SciML / DiffEqGPU.jl

GPU-acceleration routines for DifferentialEquations.jl and the broader SciML scientific machine learning ecosystem
https://docs.sciml.ai/DiffEqGPU/stable/
MIT License
274 stars 28 forks source link

Add GPU Euler-Maruyama SDE solver #208

Closed utkarsh530 closed 1 year ago

utkarsh530 commented 1 year ago
using DiffEqGPU, SimpleDiffEq, Test, StaticArrays, StochasticDiffEq, BenchmarkTools

# dX_t = u dt + dW_t
f(u, p, t) = u
g(u, p, t) = u
u0 = @SVector [0.5f0]

tspan = (0.0f0, 1.0f0)
prob = SDEProblem(f, g, u0, tspan)

Convergence Test (Red: 0.5*exp(t), dt = 1e-3, trajectories = 1000) test_sde

codecov[bot] commented 1 year ago

Codecov Report

Merging #208 (bae56f4) into master (dfb231f) will not change coverage.
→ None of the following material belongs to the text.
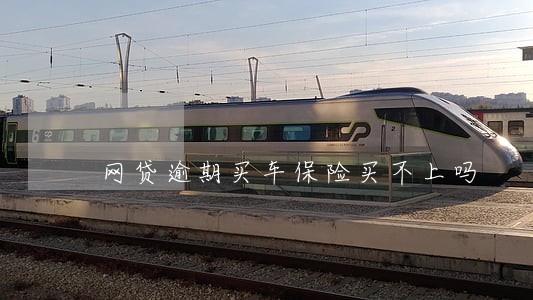 网贷逾期买车保险买不上吗 网贷逾期买车保险买不上吗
The diff coverage is 0.00%.

@@          Coverage Diff           @@
##           master    #208   +/-   ##
======================================
  Coverage    0.00%   0.00%           
======================================
  Files           9      10    +1     
  Lines        1990    2041   +51     
======================================
- Misses       1990    2041   +51     
Impacted Files Coverage Δ
src/DiffEqGPU.jl 0.00% <0.00%> (ø)
src/perform_step/gpu_em_perform_step.jl 0.00% <0.00%> (ø)
src/solve.jl 0.00% <0.00%> (ø)
src/integrators/integrator_utils.jl 0.00% <0.00%> (ø)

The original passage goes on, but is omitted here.